Committee on Unauthorized Practice of Law

Sharon D. Nelson, chair

The Standing Committee on Unauthorized Practice of Law (Committee) is charged with two duties: 1) it investigates complaints alleging that individuals or business entities are engaged in the unauthorized practice of law; and 2) it issues opinions as to whether specific conduct constitutes the unauthorized practice of law.

This fiscal year, seventy-three (73) new UPL investigations were opened and of these new complaints, twenty-eight (28) have been closed with five (5) resulting in a signed letter agreement. Of these new complaints, none (0) have been referred to the Office of the Attorney General for civil prosecution, to a commonwealth’s attorneys for criminal prosecution or to the U.S. Attorney’s Office.

A total of fifty-seven (57) investigations were carried over from prior fiscal years. Of these, the Committee referred three complaints to the Office of the Attorney General. Two resulted in injunctive relief. The Committee referred six matters, all involving the same respondent, Howard Deiner, to the Arlington County Commonwealth Attorney’s office, who successfully prosecuted him for UPL as well as fraud and taking money from clients under false pretenses. The Committee sent twenty-four complaints involving Howard R. Shmuckler, a disbarred D.C. lawyer, to the U.S. Attorney’s Office in Alexandria for possible prosecution. Mr. Shmuckler was holding out as a lawyer in Virginia and was operating a mortgage and debt counseling business when his license in D.C. had been suspended. One of the UPL complainants pursued a separate lawsuit against Mr. Shmuckler in Fairfax County Circuit Court. The bar/UPL staff assisted the complainant’s counsel, providing access to the UPL investigations and assistance of the bar investigator who conducted the investigations. The jury in this case returned verdicts totaling almost $700,000.

During this year, Assistant Ethics Counsel also reviewed and answered thirty-three (33) complaints in which counsel determined that, based on the information provided, there was no unauthorized practice of law in Virginia warranting a formal investigation by the Committee.

The Committee received no new opinion requests in fiscal 2010.

The Committee drafted revisions to two Virginia Code sections that effect the prosecution and enforcement of the unauthorized practice of law and prepared a proposal to present to the General Assembly in support of a bill to enact these revisions. Specifically, the Committee is proposing revisions to § 19.2-8 of the Code of Virginia that will extend the statute of limitation for misdemeanor prosecution of a violation of unauthorized practice of law from one year to two years from the date of the discovery of the offense by the complainant, but in no case later than five years from occurrence of the offense. In addition, the Committee is proposing revisions to § 54.1-3904 of the Code of Virginia to allow a court to order any person convicted of practicing law without being authorized or licensed to pay restitution. Further, under this statute, greater civil penalties will be available through a civil injunction proceeding pursuant to §8.01-637 of the Code of Virginia. Any person, partnership, corporation or any other entity engaging in the unauthorized practice of law will be subject to a civil penalty of at least $200, but not more than $5,000 per violation, with each unlawful act constituting a separate violation. Council of the Virginia State Bar is expected to consider the proposal at its meeting in October and the proposal will be put on track for presentation to the General Assembly in 2011.
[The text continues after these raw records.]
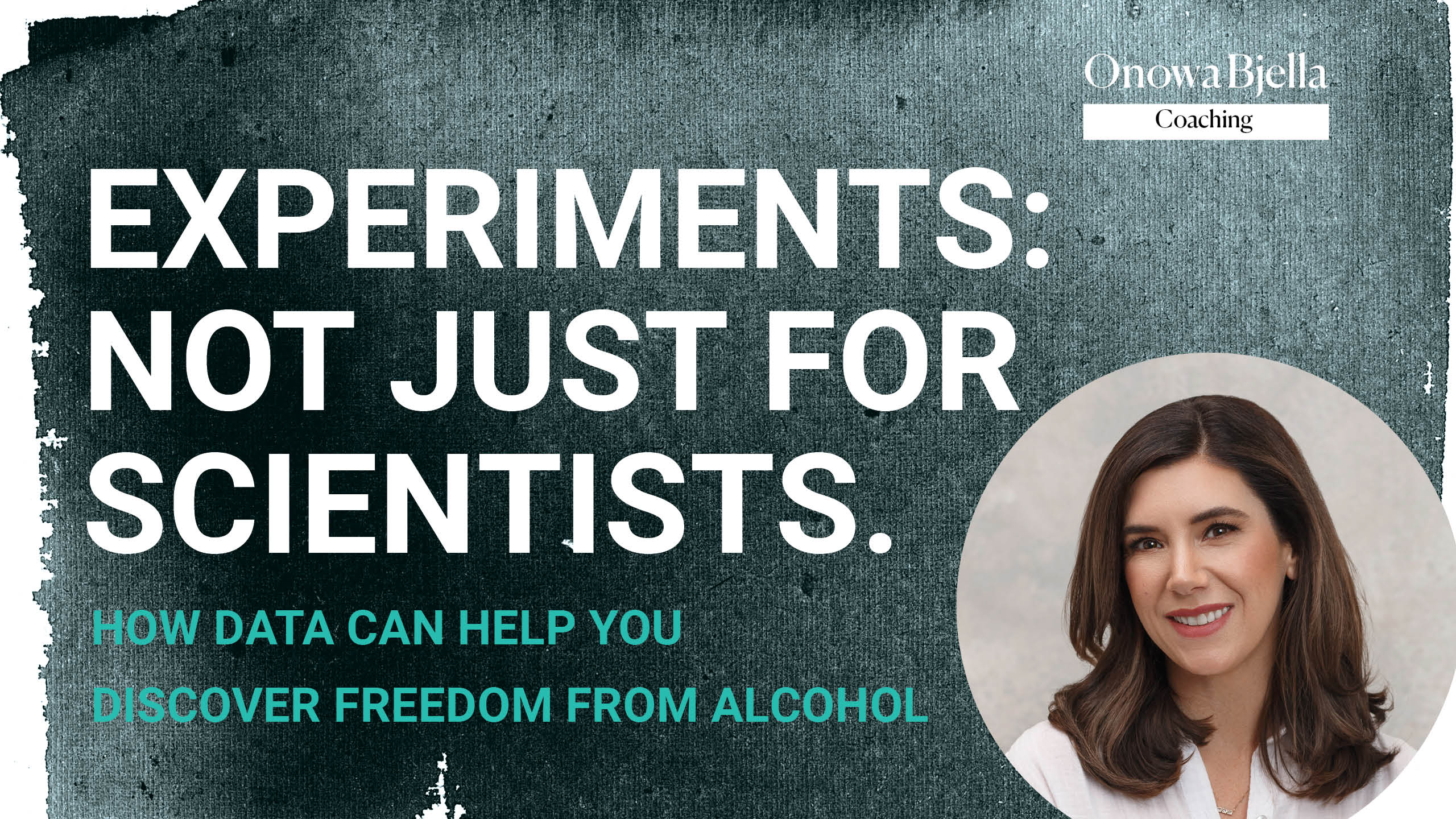 Alcohol Freedom Coach Onowa Bjella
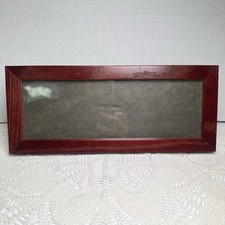 MCM Classic Panoramic Wooden Mahogany Picture Frame 5x11” Corporate Gallery picture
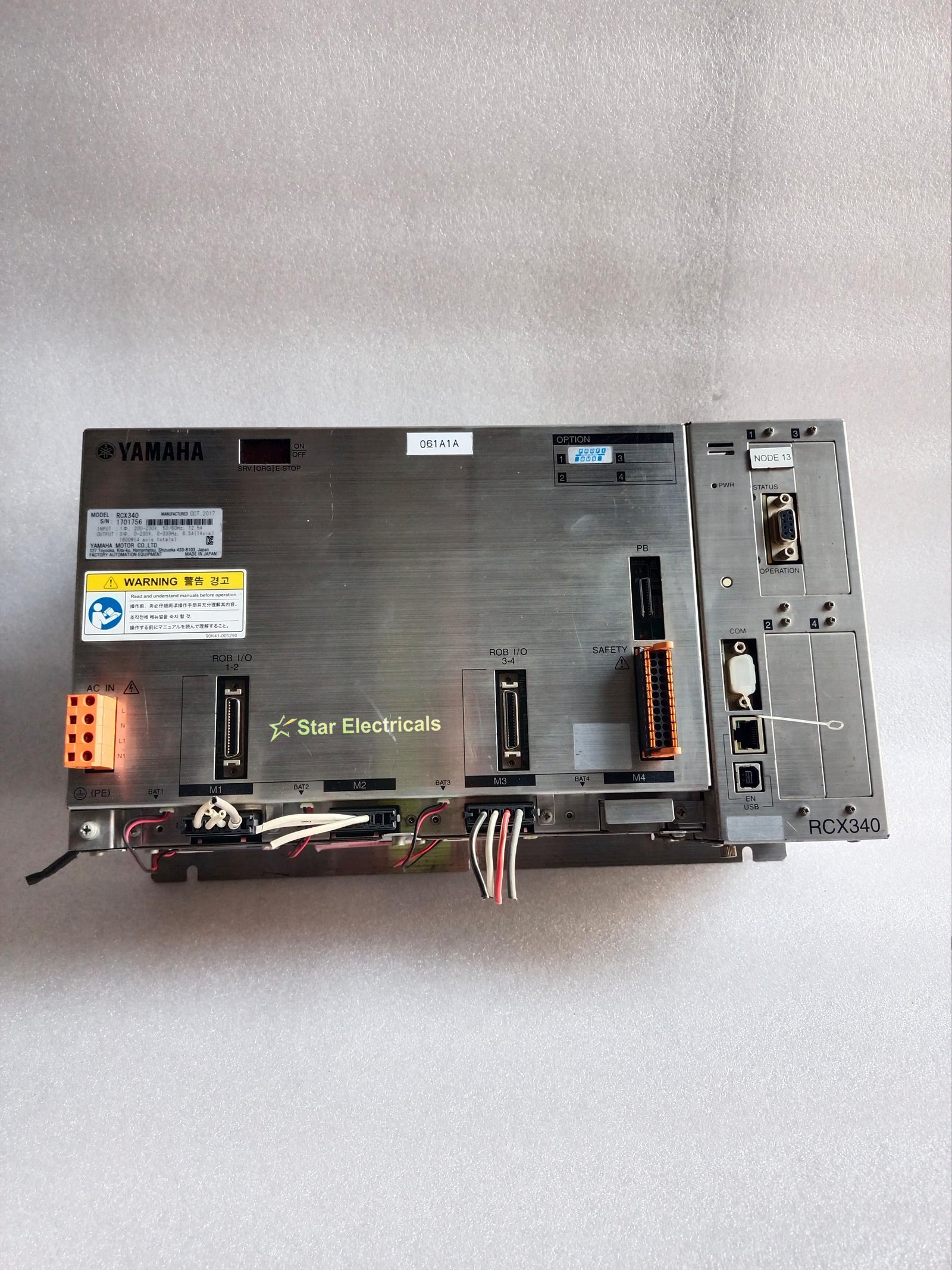 YAMAHA RCX340 ROBOT CONTROLLER AC220V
The Committee continued work on its public service information project aimed at educating immigrants in the Hispanic and Asian communities in Virginia about the dangers of immigration fraud and dealing with unauthorized immigration consultants. Working with the VSB Publications Department, the Committee approved the creation of posters, brochures and palm cards in English, Vietnamese and Korean. These materials provide information of how to contact the Department of Justice to verify whether a person or organization is licensed or authorized to provide immigration services and give general precautions when dealing with immigration legal services providers.  These materials are now available free, in downloadable form, through the VSB website. In addition, again with assistance of VSB Publications Department, the Committee sent this information to more than 60 statewide legal services and community service/non-profit organizations to be used /distributed to their various constituencies.

I would like to thank the Committee members — Vice Chair David P. Bogardus, Robert R. Bock, Wells H. Byrnes Sr., Adam D. Elfenbein, John E. Graham, Christine L. Poarch, Edward L. Weiner, and Sean C. Workowski for their hard work and dedication to the mission of the Committee during the past year.